===== PROVIDED RECORDS =====

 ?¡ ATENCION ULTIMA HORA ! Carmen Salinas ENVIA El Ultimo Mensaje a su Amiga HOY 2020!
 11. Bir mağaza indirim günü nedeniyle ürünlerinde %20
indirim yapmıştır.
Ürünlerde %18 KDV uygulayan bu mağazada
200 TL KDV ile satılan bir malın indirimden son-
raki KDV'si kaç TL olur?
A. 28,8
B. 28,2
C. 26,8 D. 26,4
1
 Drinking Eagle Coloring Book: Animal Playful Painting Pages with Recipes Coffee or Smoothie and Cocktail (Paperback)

=====
===== PROVIDED RECORDS =====

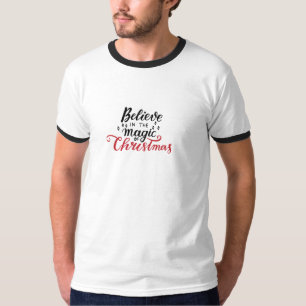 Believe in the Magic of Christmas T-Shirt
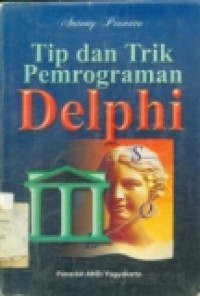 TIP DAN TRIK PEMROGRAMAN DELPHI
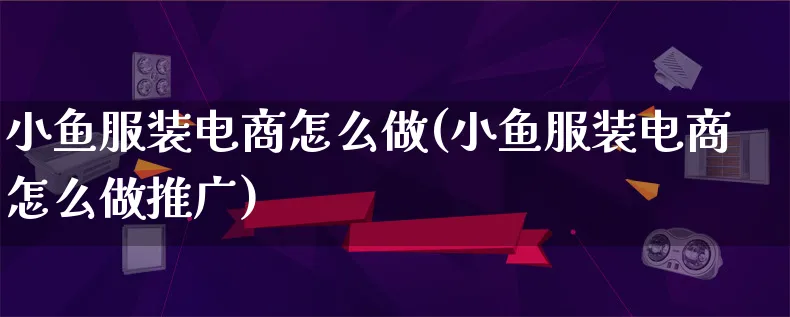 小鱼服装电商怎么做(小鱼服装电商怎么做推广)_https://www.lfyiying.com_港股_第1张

=====
===== PROVIDED RECORDS =====

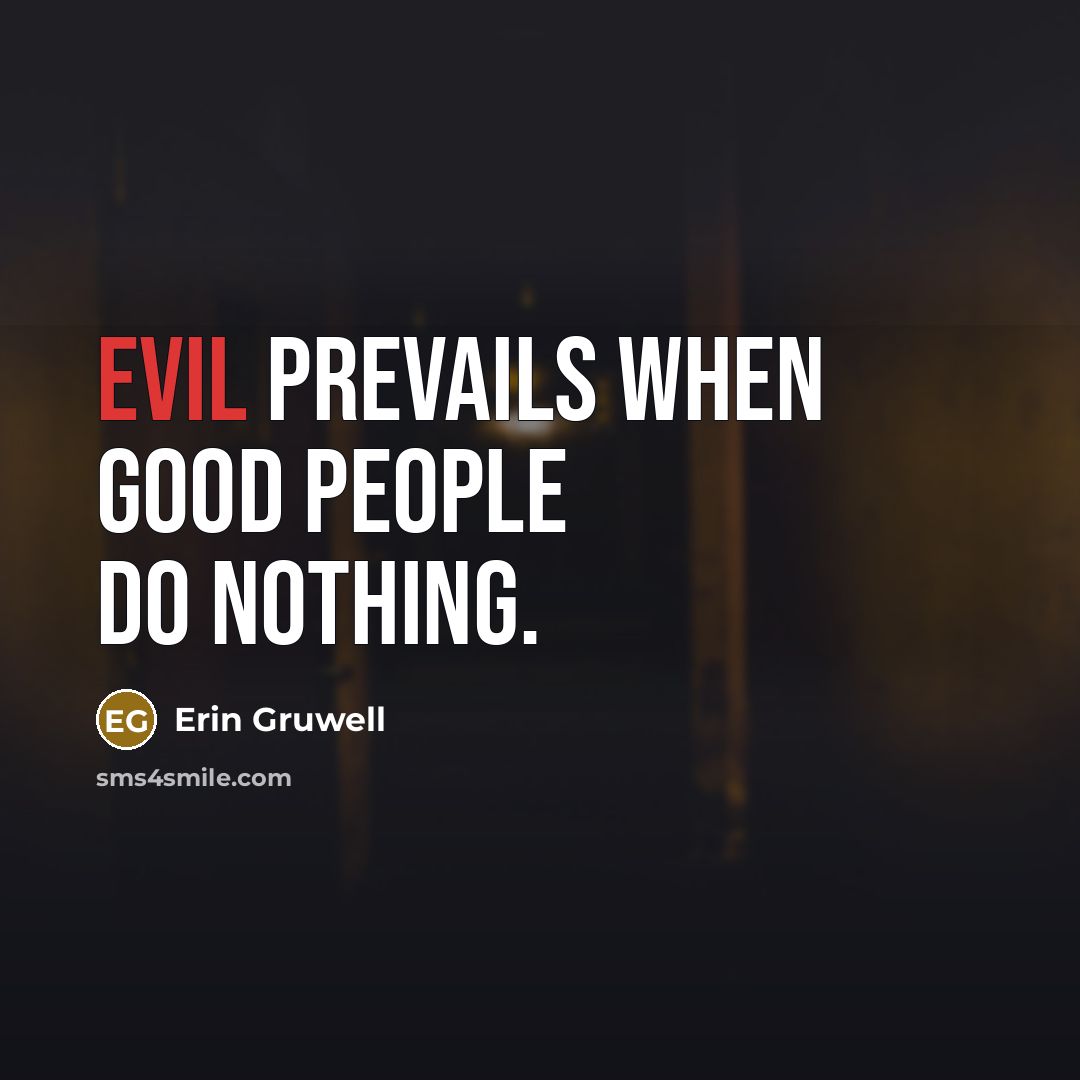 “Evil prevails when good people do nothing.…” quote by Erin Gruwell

=====

◆ **YOUR OBJECTIVE**: Look above for the line with "Amiga HOY 2020!" and the line with "Drinking Eagle Coloring", and reproduce exactly those two lines plus every line between, nothing more.

◆ **RESULT BELOW**:
 ?¡ ATENCION ULTIMA HORA ! Carmen Salinas ENVIA El Ultimo Mensaje a su Amiga HOY 2020!
 11. Bir mağaza indirim günü nedeniyle ürünlerinde %20
indirim yapmıştır.
Ürünlerde %18 KDV uygulayan bu mağazada
200 TL KDV ile satılan bir malın indirimden son-
raki KDV'si kaç TL olur?
A. 28,8
B. 28,2
C. 26,8 D. 26,4
1
 Drinking Eagle Coloring Book: Animal Playful Painting Pages with Recipes Coffee or Smoothie and Cocktail (Paperback)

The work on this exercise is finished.